Muhalefet olarak yazmıyorum, yakın bir görüşte sayılırız; hani "Basıp gideyim ardıma bakmayayım"dan ziyade, "Nereden ne kazanır toplarım yurt içi-dışı fark etmez, nasıl faydam olur"cuyum, hayalperestim (Önceki yorumlarımda da kalırım ölümüne deli diyebilirsiniz de dedim hatta) ama gerçekçi ele almak da gerekiyor şu yorumunuza karşın. Çünkü burada bir çizgi var;
Ekonomiyi nasıl kalkındıracak bu insanlar? Bugün torpil ötesi torpille köşe başları tutuldu. Daha yeni personel alımlarında sınavlarda 90 olan gençlere mülakatta 30 verip nasıl bırakıldıklarını gördük, 60 alanların ise 100 mülakat değerlendirilmesi ile nasıl kabul edildiğini de aynı zamanda.
Siyasete girmek? Ne kadar para istiyor biliyor musunuz, ne kadar reklam istiyor? Asgari ücretle mühendis çalıştırılan bir ülkede, insan yenilgiye kaç kere tahammül edebilir?
Ülkem için can verecek evlatlarım olsun istemiyorum ben, ülkem içinde yaşatacağım evlatlarım olsun istiyorum. Vatan sevgisini anlatırken bile yaşamak değil, ölmek geliyor insanın aklına önce, çünkü çok öldük. Her gün ayrı bir yerden ölüyoruz. Eğitim sistemi can çekişiyor ki bu sistemin çökmesi demek, hakimlerin adaleti görememesi demek, doktorların elinde can veren hastalar demek, mühendislerin elinden çıkma binaların kumdan kaleler gibi yıkılabilmesi, sanatçılarının da sadece boş manzara resmi çizmesi, vurgulamaması demek. Yeni nesil öğretmenlerin elinde çocukların tükenmesi demek, bağıra bağıra kör olmak demek özetle.
Fihrist veren adamlar var doktora tezi diye ve kabul ediliyor ya, bilmem ne ile üfürülmüş helal hurma ya alkış tutulurken şeker hastaları için özel yarabandı geliştiren çocukların projesini adamdan saymadılar.

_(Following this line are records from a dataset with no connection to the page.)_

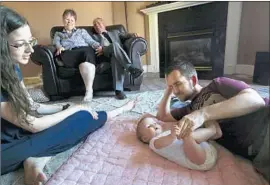  ?? Isaac Hale For The Times ?? BRIAN AND RACHAEL Stoll of Utah play with daughter Everly as Rachael’s mother and stepfather, Michelle Bacca-Llamas and Hector Llamas, look on.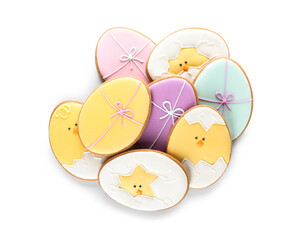 Different Easter cookies in shape of eggs on white background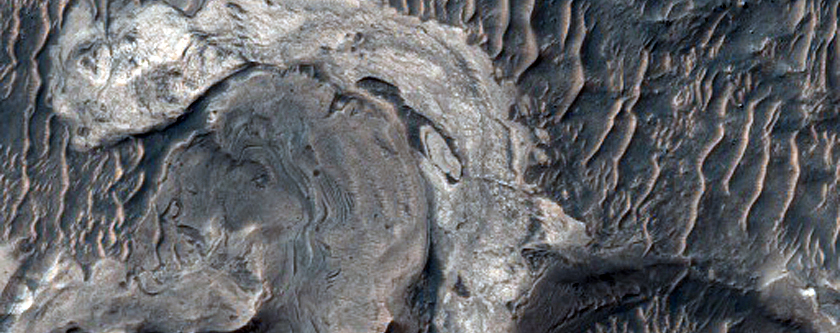 Geologic Contact Between Landslides and Blocky Deposit on Floor of Melas Ch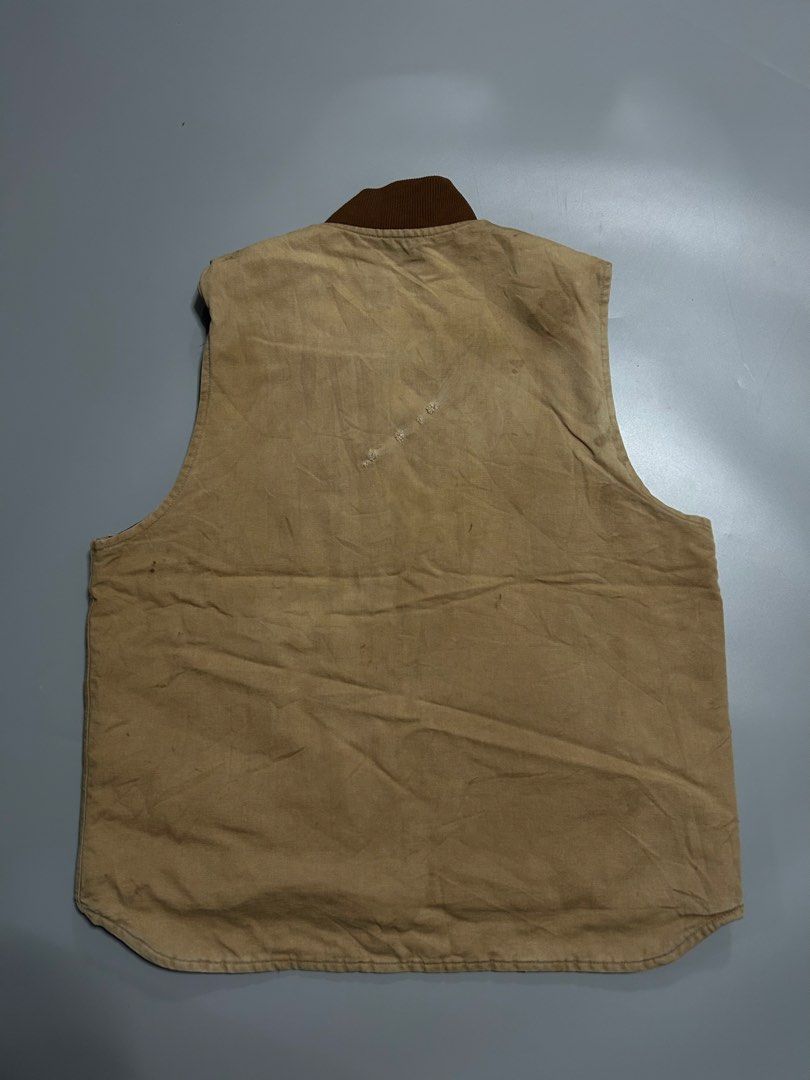 Carhartt VO1 BRN Vest (authentic) (Category: Coats, Jackets and Outerwear) located in Trece Martires City. Submitted by flip_flips (Listing ID 1470895209, Image 2). Description: Carhartt VO1 BRN Vest (authentic) -Dimes: 25 width 29 length -Good condition -9/10 color rate -Issue: stains dot, minor dot tatterings on back part.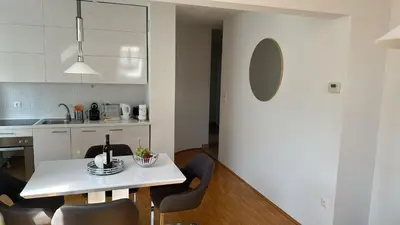 a kitchen and dining room with a table and chairs at Bled lux apartment in Bled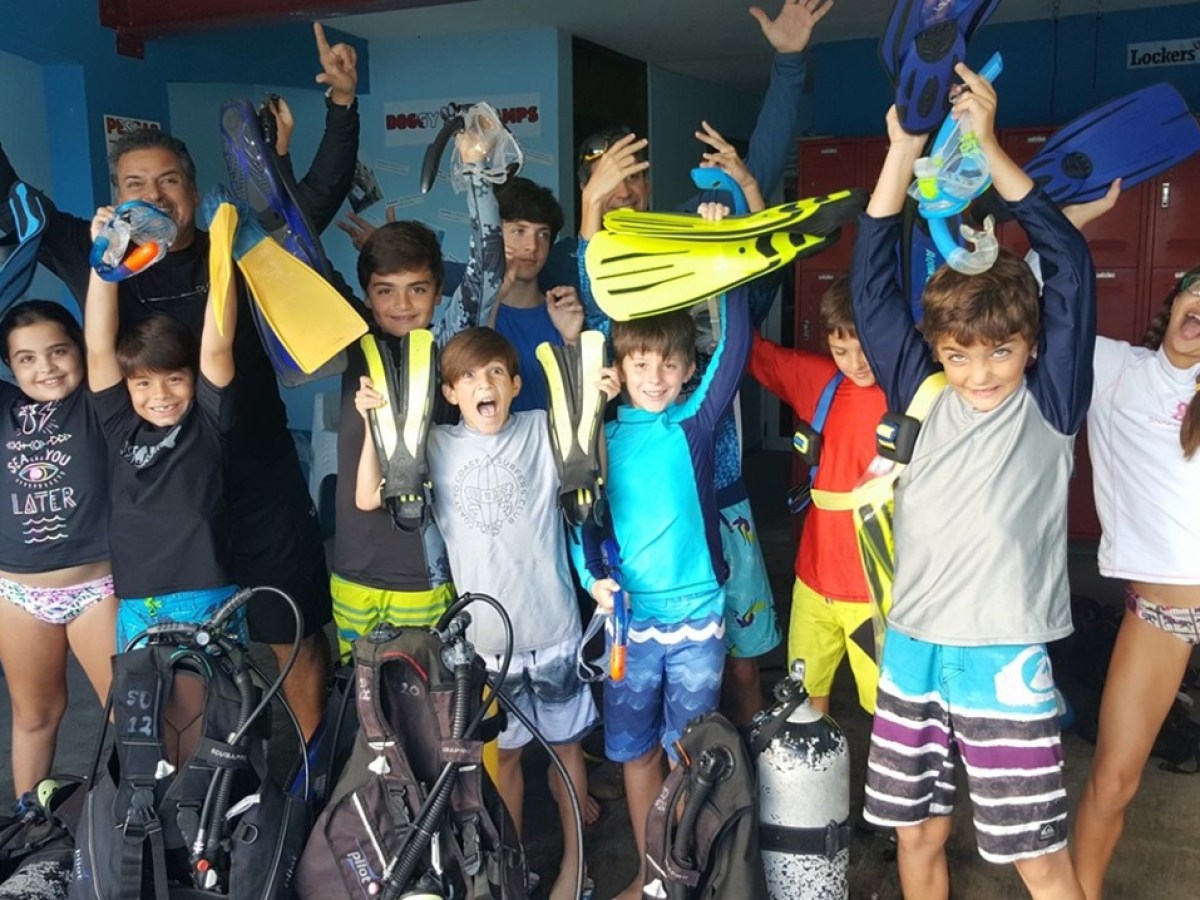 Group of excited kids and adult holding scuba gear, wearing colorful swimwear, smiling and cheering.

Bu da eh, küstürür insanı. Çok seven insan da küser yani, kıymet bilinmezse ağlaya ağlaya gider.
Burada kendi yolunun tıkalı olduğunu gören insan, gider yoluna bakar; ha ondan sonra dönerse apayrı bir güzellik. Dönmezse de adı ile ülkeyi yaşatır. Çok insan gitti, çok akıl gitti, çok yetenek gitti... Hiçbiri mi sevmedi vatanını? Hepsi küstü gitti Ccelik. Anlamak lazım bunu da.